🐯story65〜この時のこの言葉…

その後メイク室に入り、今日仕事で使ったメイク道具を片付けていく。

マネージャーさんに呼ばれていたリアちゃんはメイク室に帰ってきたのに、みんなに声を掛けた後またすぐに自分の荷物を持って出て行ってしまった

(あれ?リアちゃんどうしたのかな。
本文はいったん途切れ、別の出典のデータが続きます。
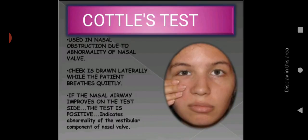Another diagnostic tool is the Cottle's test, used in nasal obstruction due to abnormality of the nasal valve. The cheek is drawn laterally while the patient breathes quietly. If the nasal airway improves on the test side, the test is positive, indicating abnormality of the vestibular component of the nasal valve. If one side of the cheek is moving and the other is not, it is a positive indication for nasal obstruction or nasal septum deformity.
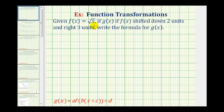Given f of x equals the square root of x, if g of x is f of x shifted down two units and right three units, we want to write a formula for g of x. So if g of x is a transformation of f of x, we can write g of x in this form, where the values of a, b, c, and d affect the graph of f of x.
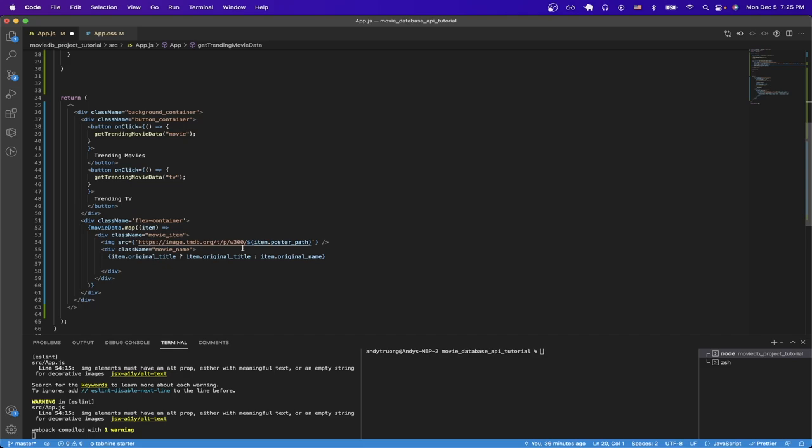And that's pretty much the entire project. Although this was a small project, I just want to give you an idea of what kind of projects you could make using the movie database API. If you want to see a more in-depth project using the movie database API, please leave a comment. And if there's enough interest, I would definitely consider releasing a more advanced version of this tutorial. And that is the end of this tutorial. If this video helped you in any way, please like the video and don't forget to subscribe for more content.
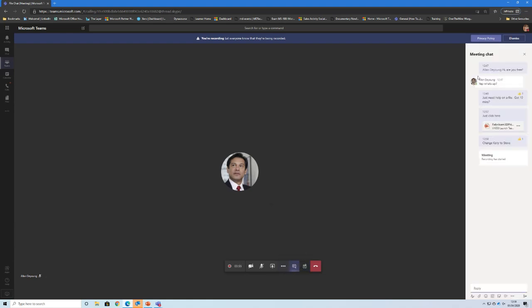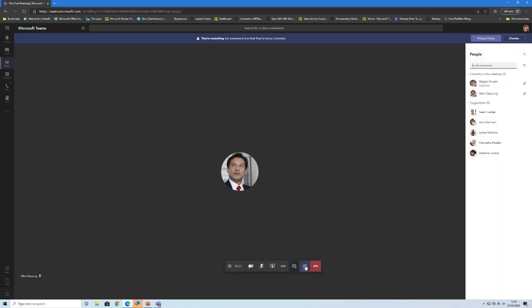I still have access to my conversation within the meeting. I can click back on the file link and continue editing the file while the conference call is still running — we can be talking to each other while we edit together. If I want to bring someone else into this call, I can invite them by typing their name. If they're a Teams or Skype user, I can put their email address in. With an audio conferencing license — an extra £3 per user per month — I can also dial people in by phone number.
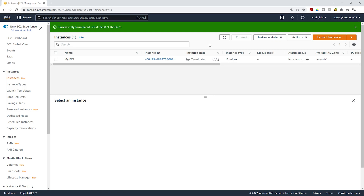Make sure anytime you launch an EC2 instance that we are using as practice, you remember to terminate it at the end. Thank you, and I'll see you in the next lecture. Bye.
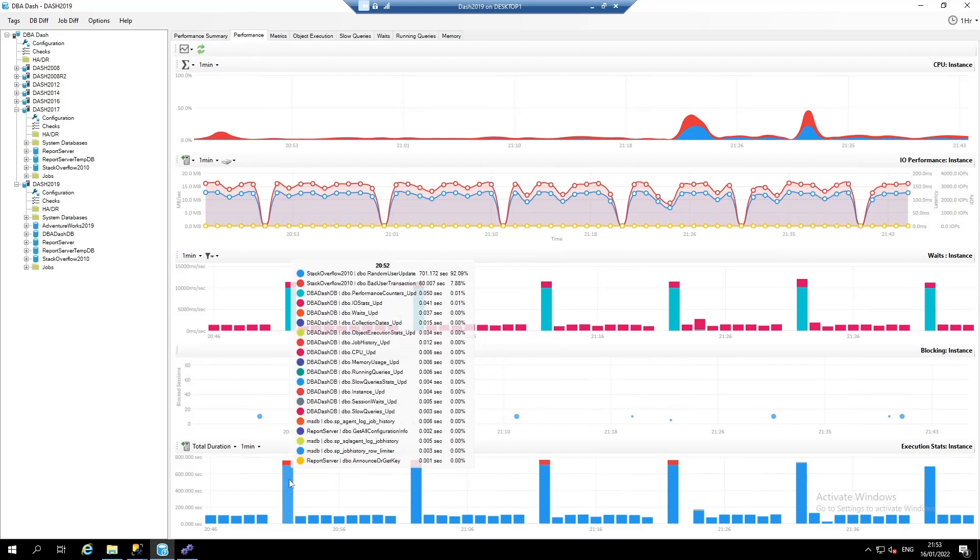The last chart in the performance tab is showing object execution statistics. Here you can see this is dominated by a random user update and the bad user transaction.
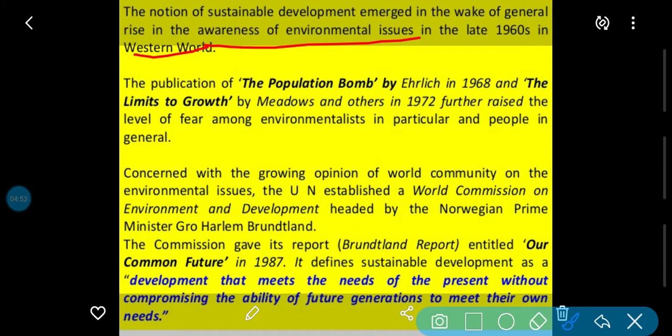The publication of 'The Population Bomb' by Ehrlich in 1968 — yeh ek American biologist thay unhone yeh book likhi thi — and 'The Limits to Growth' by Meadows in 1970 further raised the level of fear among environmentalists in particular and people in general. In dono books mein likha gaya tha ki kis prakar industrial development ke karan, agar environment ka loss hoga to development se hamein koi fayda nahi hoga.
用事でもあるのかな?)

少しリアちゃんの様子も気になったけれど、黙々と片付け作業を続ける

片付けも無事終わり、スタッフ達は自分の荷物を持って帰る準備を始めた

先輩メイクさん「終わった~お疲れ様!」

メイクさん「お疲れ様~」

すぐに帰っていくスタッフもいれば、少しだけ話をしてのんびり帰っていくスタッフもいる。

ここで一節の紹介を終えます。